----- Entries supplied
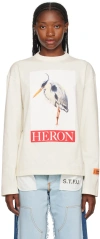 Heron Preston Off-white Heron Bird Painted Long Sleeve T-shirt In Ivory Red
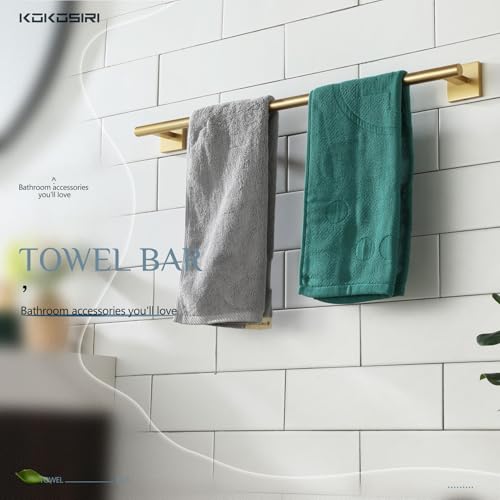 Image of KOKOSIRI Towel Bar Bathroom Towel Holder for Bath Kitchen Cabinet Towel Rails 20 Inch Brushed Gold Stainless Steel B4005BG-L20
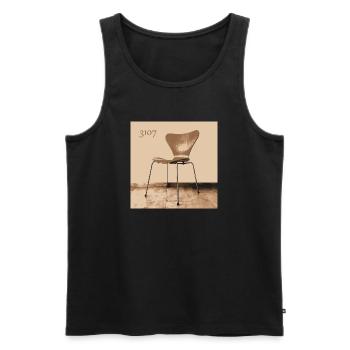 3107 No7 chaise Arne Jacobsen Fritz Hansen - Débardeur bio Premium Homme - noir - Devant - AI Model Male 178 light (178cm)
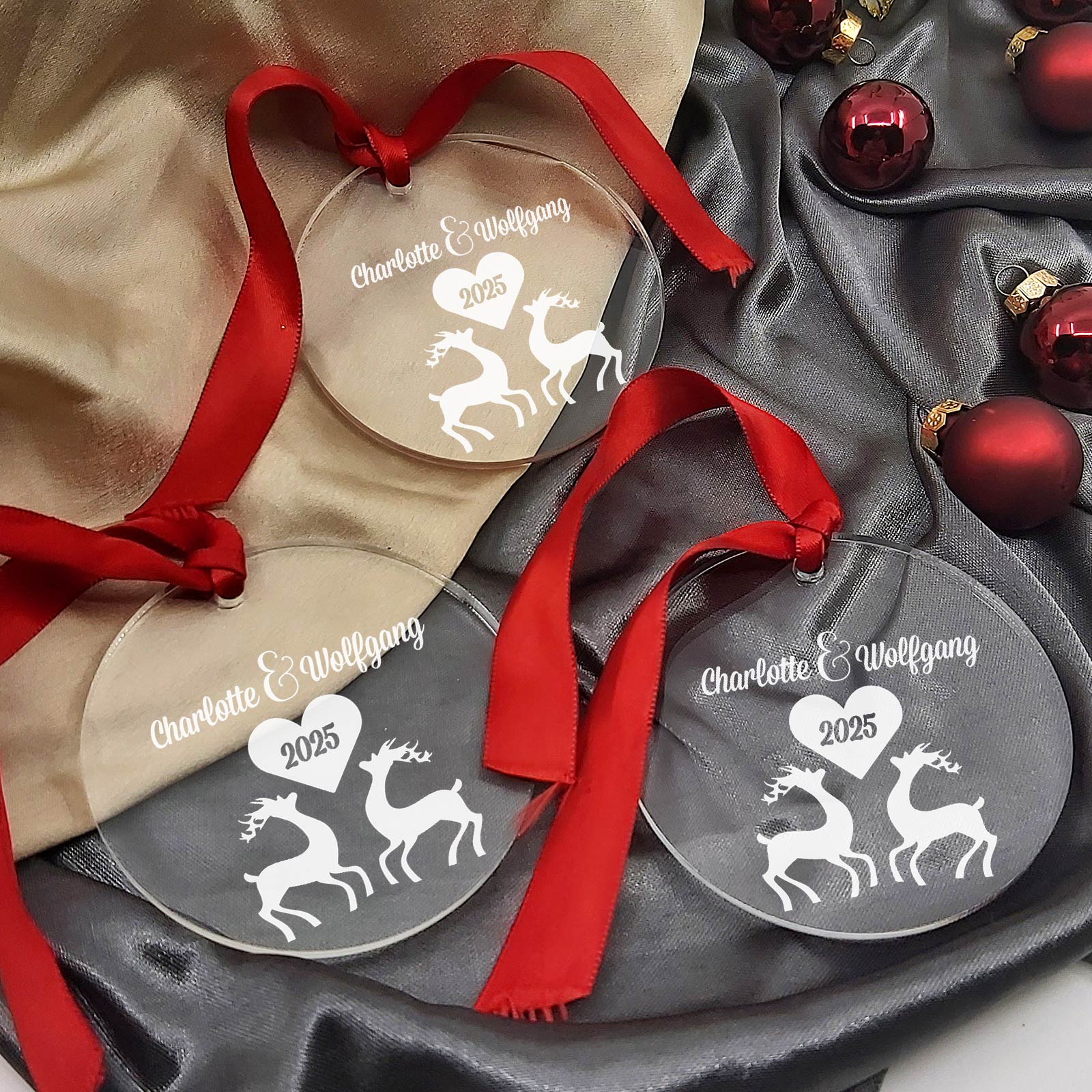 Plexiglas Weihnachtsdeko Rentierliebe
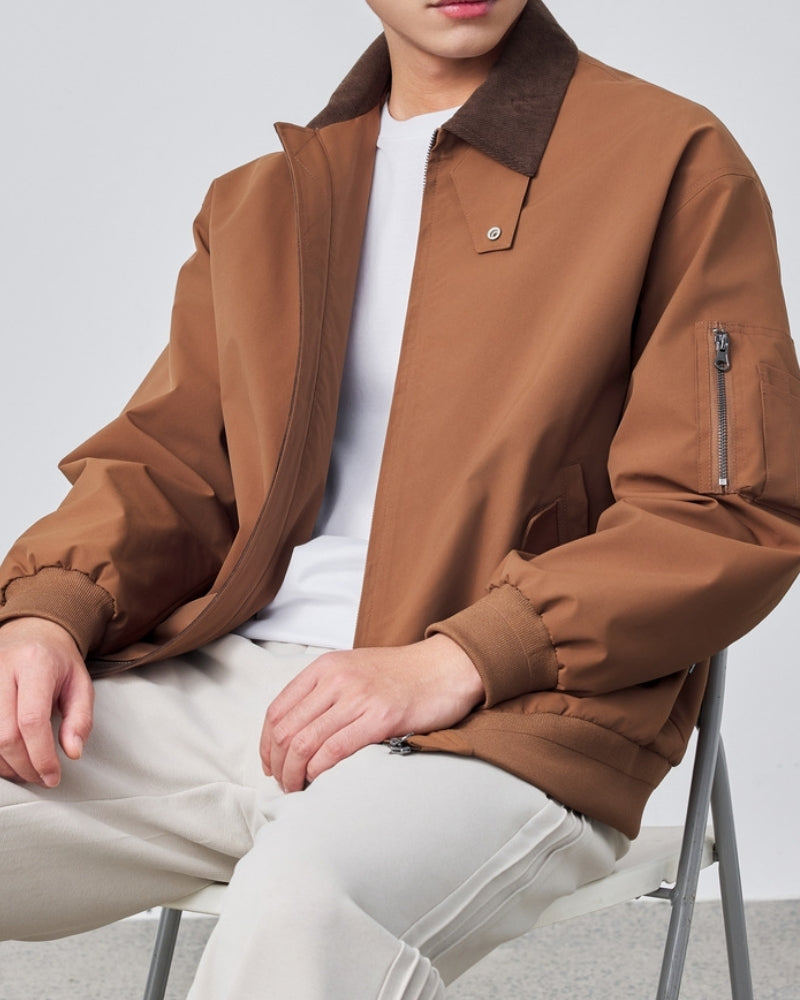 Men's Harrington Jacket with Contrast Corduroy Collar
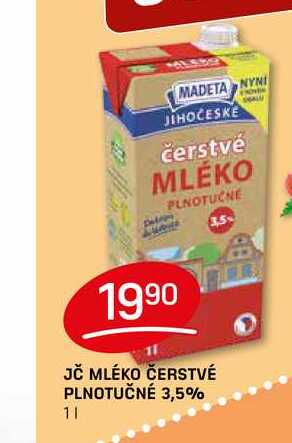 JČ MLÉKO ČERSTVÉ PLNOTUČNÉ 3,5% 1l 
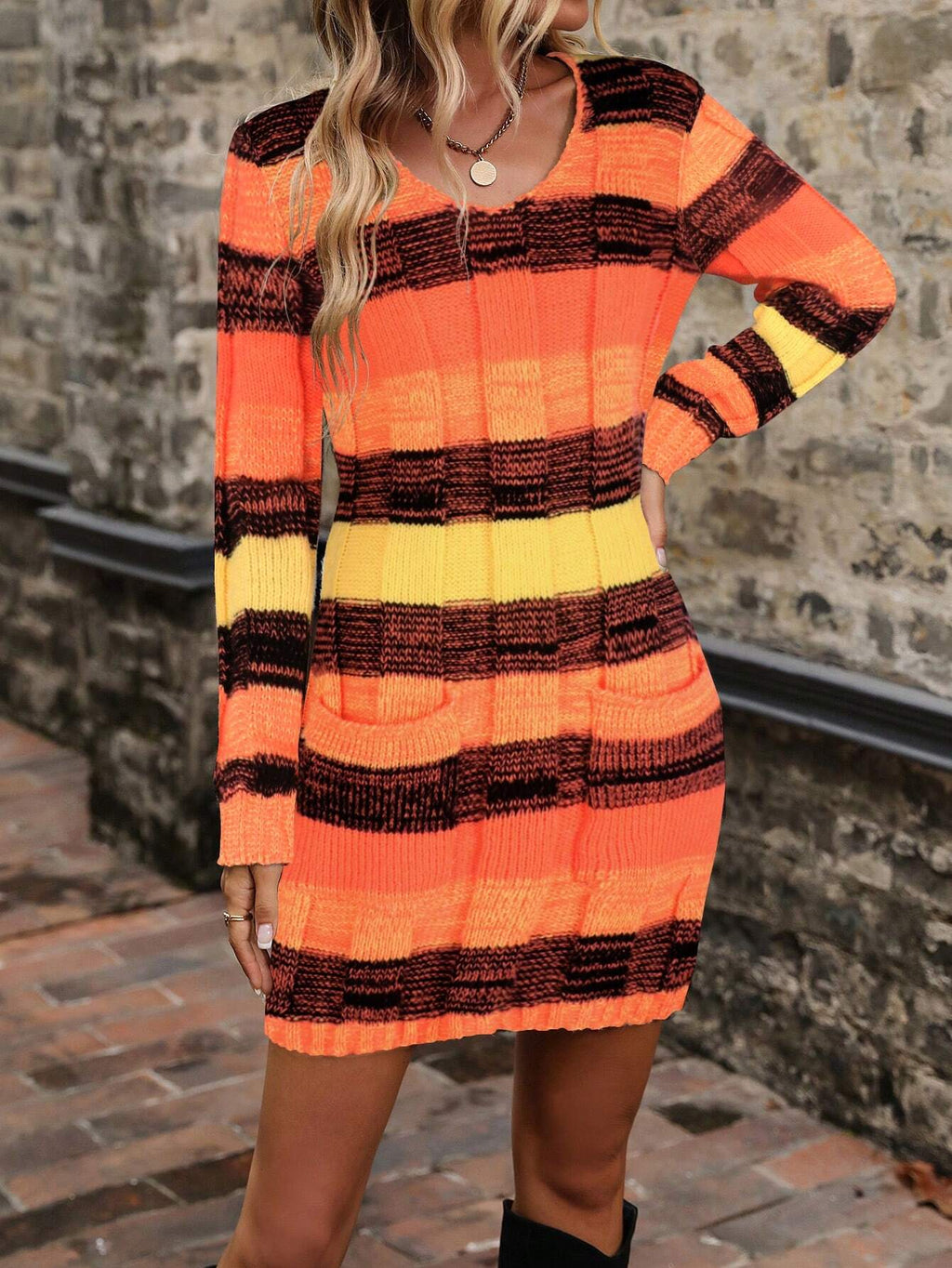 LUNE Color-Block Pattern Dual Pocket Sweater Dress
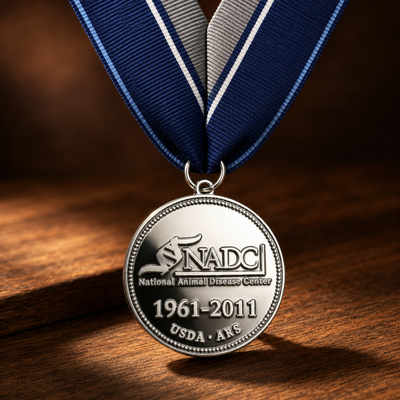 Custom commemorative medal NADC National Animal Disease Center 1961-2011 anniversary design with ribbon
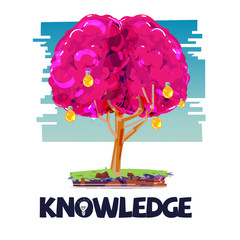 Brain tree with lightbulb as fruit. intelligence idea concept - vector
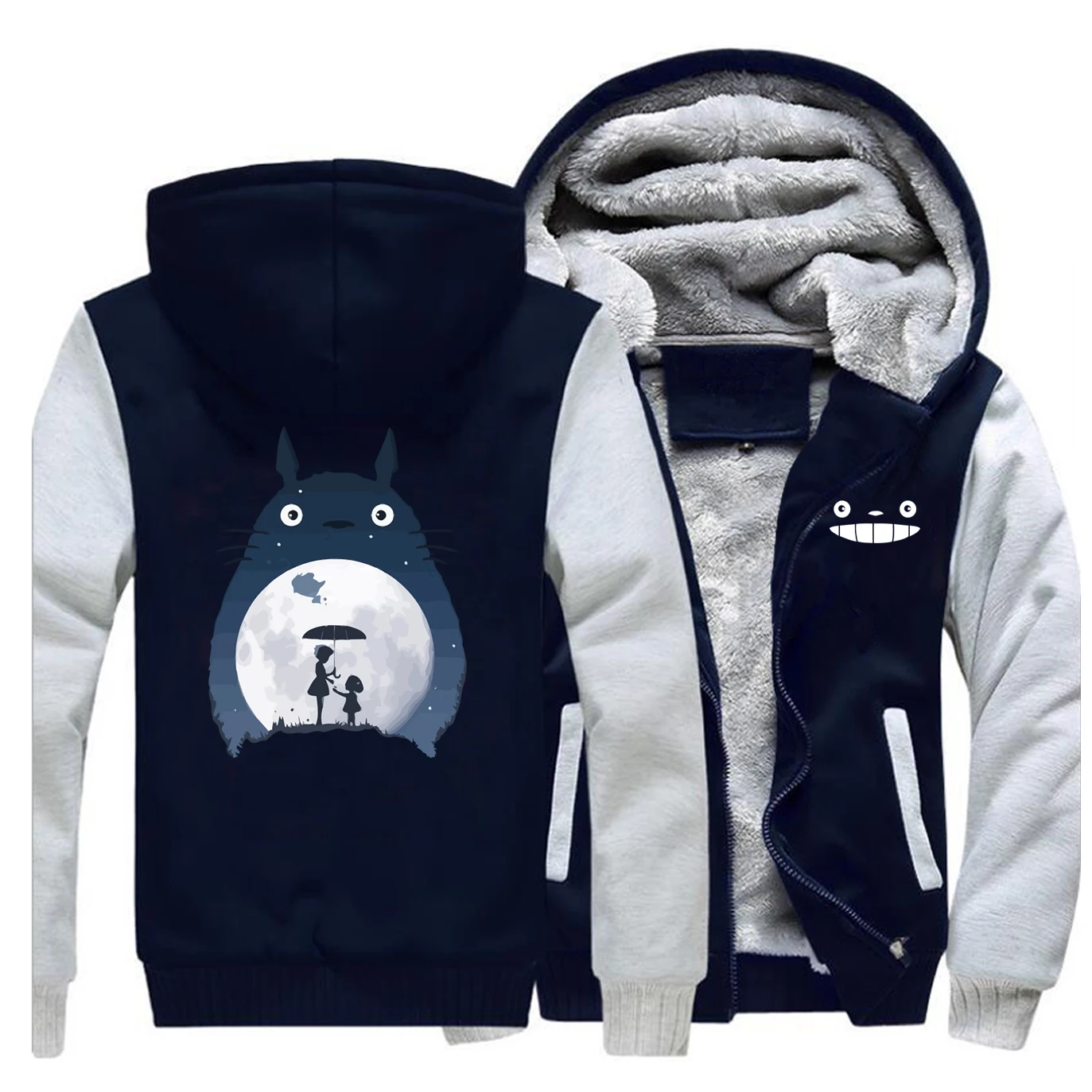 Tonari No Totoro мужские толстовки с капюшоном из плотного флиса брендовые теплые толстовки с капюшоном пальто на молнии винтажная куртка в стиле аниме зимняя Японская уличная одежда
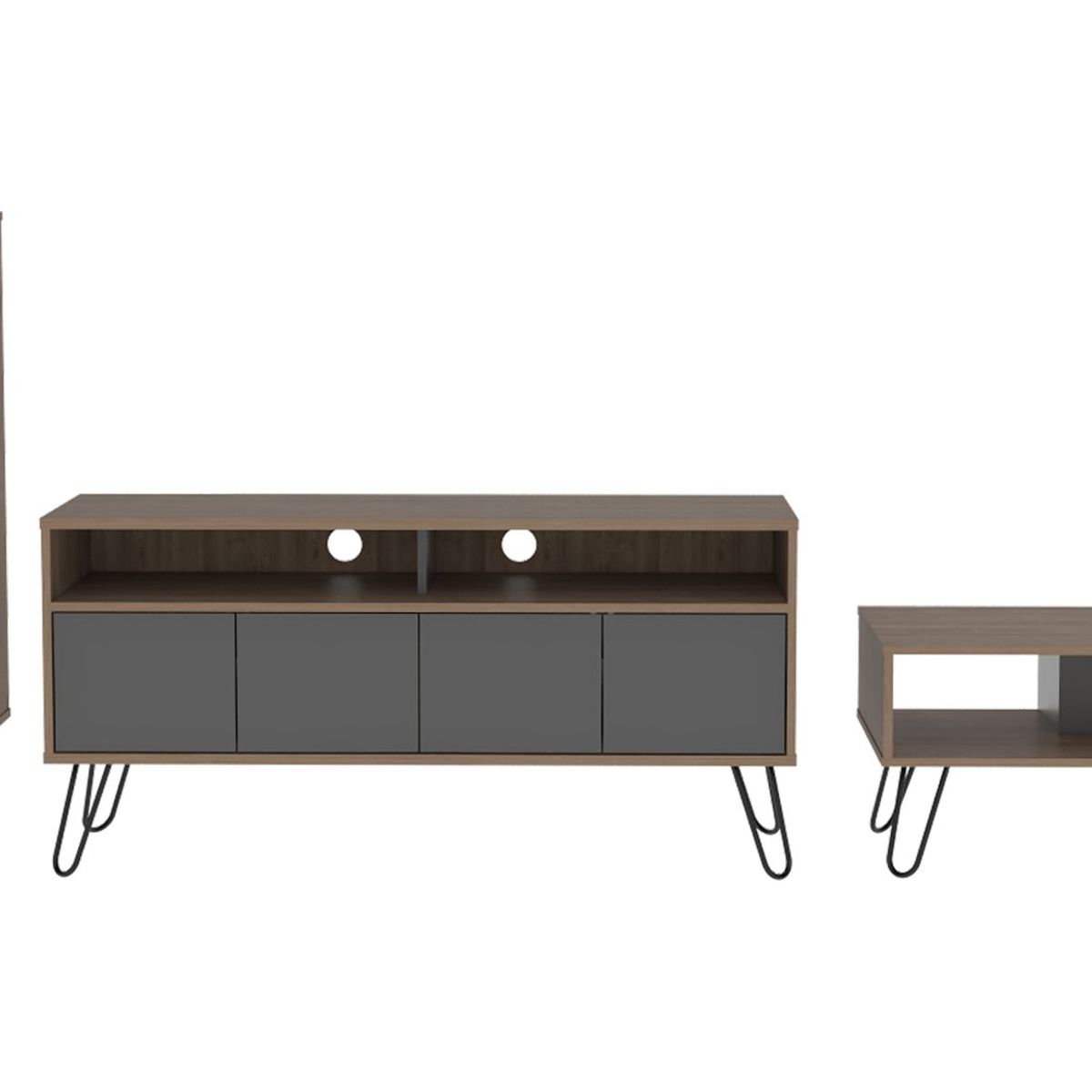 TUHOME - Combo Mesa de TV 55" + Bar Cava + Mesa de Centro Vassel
----------
▶ [What you are asked to do]: For this step, transcribe all the material above exactly and drop the images.

▶ [Response below]:
 Heron Preston Off-white Heron Bird Painted Long Sleeve T-shirt In Ivory Red
 Image of KOKOSIRI Towel Bar Bathroom Towel Holder for Bath Kitchen Cabinet Towel Rails 20 Inch Brushed Gold Stainless Steel B4005BG-L20
 3107 No7 chaise Arne Jacobsen Fritz Hansen - Débardeur bio Premium Homme - noir - Devant - AI Model Male 178 light (178cm)
 Plexiglas Weihnachtsdeko Rentierliebe
 Men's Harrington Jacket with Contrast Corduroy Collar
 JČ MLÉKO ČERSTVÉ PLNOTUČNÉ 3,5% 1l 
 LUNE Color-Block Pattern Dual Pocket Sweater Dress
 Custom commemorative medal NADC National Animal Disease Center 1961-2011 anniversary design with ribbon
 Brain tree with lightbulb as fruit. intelligence idea concept - vector
 Tonari No Totoro мужские толстовки с капюшоном из плотного флиса брендовые теплые толстовки с капюшоном пальто на молнии винтажная куртка в стиле аниме зимняя Японская уличная одежда
 TUHOME - Combo Mesa de TV 55" + Bar Cava + Mesa de Centro Vassel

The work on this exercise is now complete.